Why is Python popular, while Lisp and Scheme aren't?

Martti Halminen martti.halminen at kolumbus.fi
Sat Nov 23 22:00:47 EST 2002


Alexander Schmolck wrote:

> Of coure LOOP and FORMAT affect newcomers! They are extremely commonly used
> constructs, so you will encounter them quite frequently in other people's
> code. And even simple uses of LOOP can easily yield misunderstanding unless
> you have some fairly good understanding of what it does (the emulation of
> plain English is additionally deceptive in this regard):
> 
>      (loop for x below 5 for y = nil then x collect (list x y))
>           => ((0 nil) (1 1) (2 2) (3 3) (4 4))
> 
> as opposed to:
> 
>      (loop for x below 5 and y = nil then x collect (list x y))
>           => ((0 nil) (1 0) (2 1) (3 2) (4 3))

If it is any consolation, neither LOOP nor FORMAT were noncontroversial
in the Lisp community when they appeared, mostly due to their
"non-lispy" look and feel. There are some notable Lispers, like Paul
Graham, who don't usually use LOOP.
FORMAT is nearly-universally used, though somebody claimed that it is a
separate, Turing-complete programming language in its own right:-)
- LOOP isn't the only iteration construct: I use usually DOTIMES, DOLIST
or the mapping functions for simple cases. The old DO also exists for
oldtimers.

> Hmm, I thought untyped means that variables don't have any type associated
> with them at all (like in assembler).

In CL, the variables may contain any type of objects, but any piece of
data has a known type (unlike in C, where you can cast stuff however you
like, whether it makes any sense or not).

> > Well, the battle was decided (temporarily?) in favor of static languages
> > during the long decades before systems routinely shipped with ghz processors
> > and hundreds mb ram. By the time those systems came along, almost everyone was
> > using static languages. Folks don't change easily, so CL still does not get
> > used widely.
> 
> This explanation has the considerable problem that it would equally have
> predicted the miserable failure of Perl, Python, Javascript and I'd guess
> Visual Basic.

Except that those are rather new languages in comparision, from a time
the machine performance had already risen to acceptable values. For
comparision, at the time Lisp Machines were the fastest workstations on
the planet, they had clock frequencies like 4 MHz. The competition ran
16 MHz Motorola 68020:s.
(Cray 1 had 80 MHz, IIRC.)

 > Well, it's not just "pragmatic advantages", I do believe that in some
points
> python's *design* is just superior. Iteration and container classes seem
> fairly crufty to me in CL (not knowing CL that well, I might be wrong, in
> which case I'd much appreciate to be enlightend).
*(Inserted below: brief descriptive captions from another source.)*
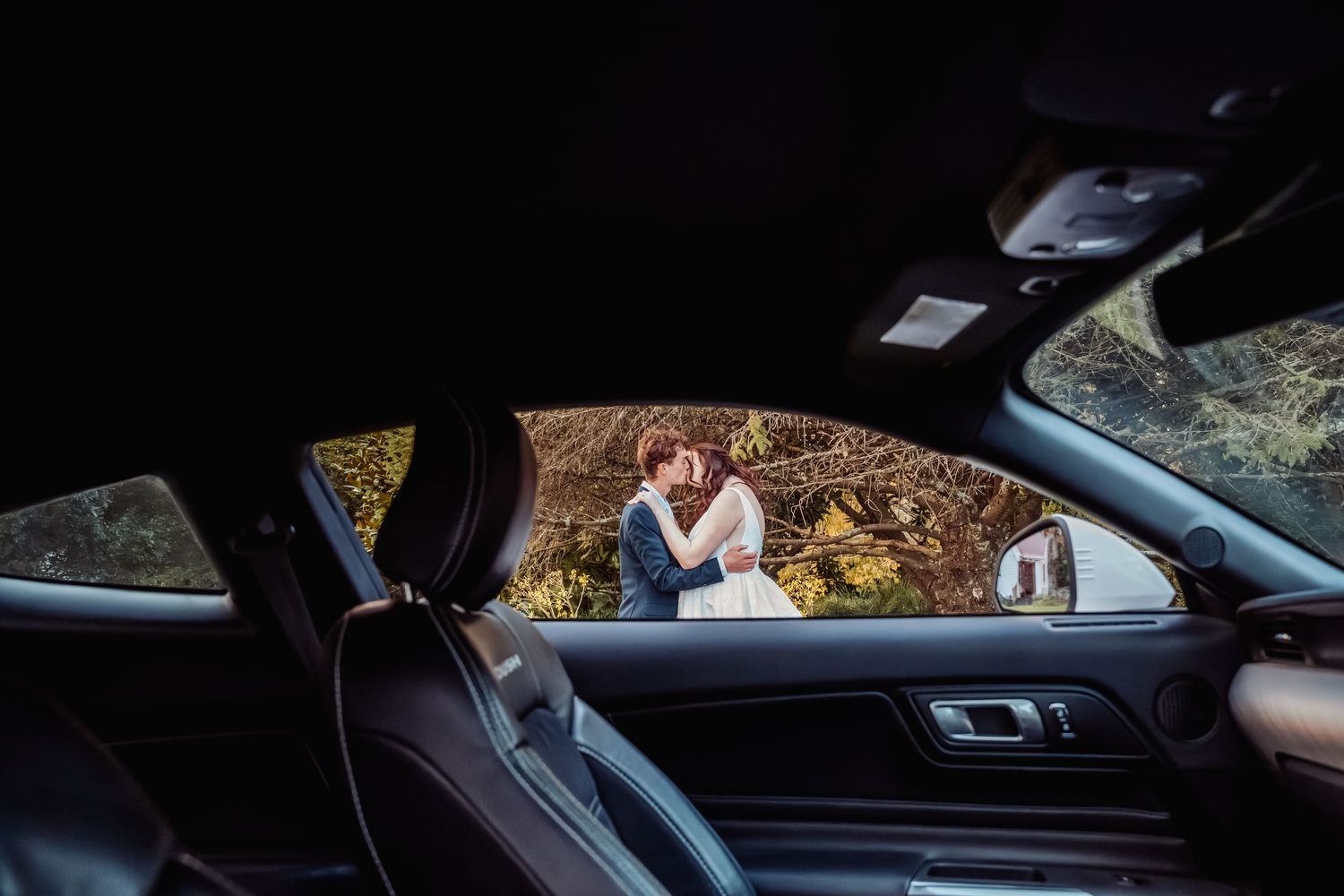 Bride and groom share a kiss viewed through the interior of a luxury car window.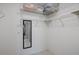 Walk-in closet with wire shelving providing ample storage space, and well lit at 3673 Longmeadow # 18, Sarasota, FL 34235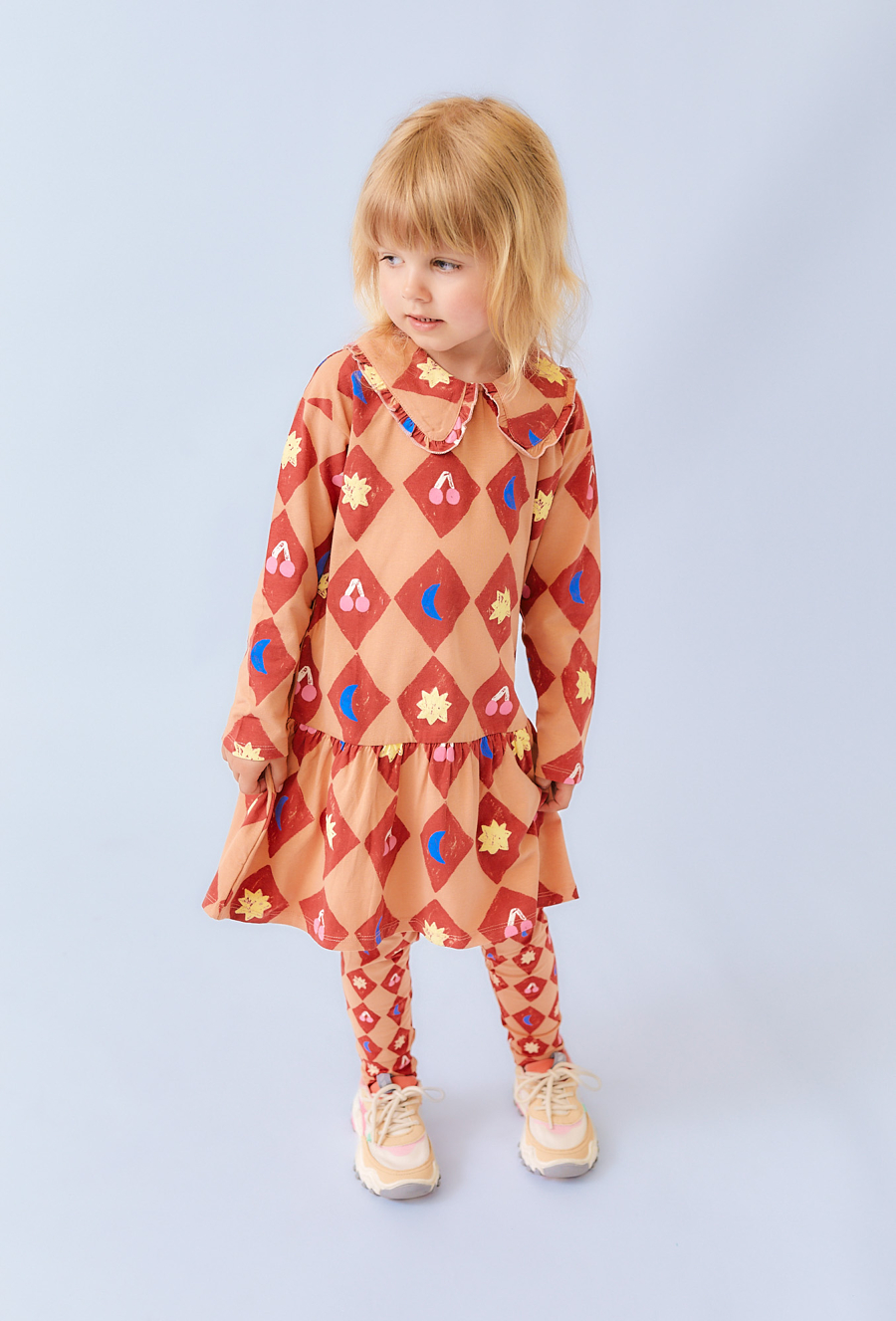 Pomarańczowa sukienka z cyrkowym nadrukiem - Limited Edition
No such thing as "iteration class" in the language: Lisp had already
existed for a quarter century before it got a standardized object system
(plenty of non-standard, non-compatible versions before that), so the
control flow constructs are rather othogonal to the object system.

Also, no container class in the meaning of unifying lists and hash
tables. On the other hand, the language has what CL calls sequences,
i.e. plenty of stuff work the same on lists and one-dimensional arrays
(including strings).

 
> Now if you want to define you own collection classes, you're really in for a
> hard time:

I fail to see what is so hard in that. Obviously you have to design your
own wrapper class if you want similar behaviour from different data
structures, given that the language doesn't have it built-in, but as you
yourself show, any given operation is only a few lines.
> python:                           CL:
> 
> 
>  x = list[index]                   (elt arrayOrList index)
>  x = hash[key]                     (gethash key  hash) 
                                     ;; *why* this arg-order?
               Why not? It is consistent with most of the language, most
similar functions are defined as (<operation> <item> <containing
object>). The major exceptions are where there may be variable amount of
arguments, like
array indices: (aref <array> <ind1> <ind2> ....<indN>). ELT probably for
similarity with AREF.

>  x = myType[indexOrKey]            ; no generalized item access
					(elt sequence index) works for all 						sequence types. For your
own types you can define whatever accessor patterns you like. There are
tools to make your accessor to work with the generic assignment command
(setf <place> <value>)

> 
> 
> 
>  del container[indexOrKey]         ; no generalized deletion mechanism
                                  (delete item sequence) for all
sequence types, (remhash key table) for hash tables. Not that difficult,
I'd think.
> 
>  container[indexOrKey] = x         (setf (elt arrayOrList index) x)
>                                    (setf (gethash key hash) x)
> 
> 
> for item in list:                  (loop for item in list)
>     print item
                                     (loop for item in list
                                         do (print item)) ; to be exact

> for key in dict:                   (loop for key being the hash-keys of h
>     print key                       do (princ key))
> 
> for value in dict.values():        (loop for value being the hash-values of h
>     print value                     do (princ value))

                            Alternative ways for playing with hash
tables: MAPHASH and WITH-HASH-TABLE-ITERATOR.


> 
> for item in container:             ; no convienient idiom (?)
>     print item

              - For printing the usual idiom is usually just (print
container), though hash tables do not have a defined machine-readable
output form. Nothing to prevent you from defining one.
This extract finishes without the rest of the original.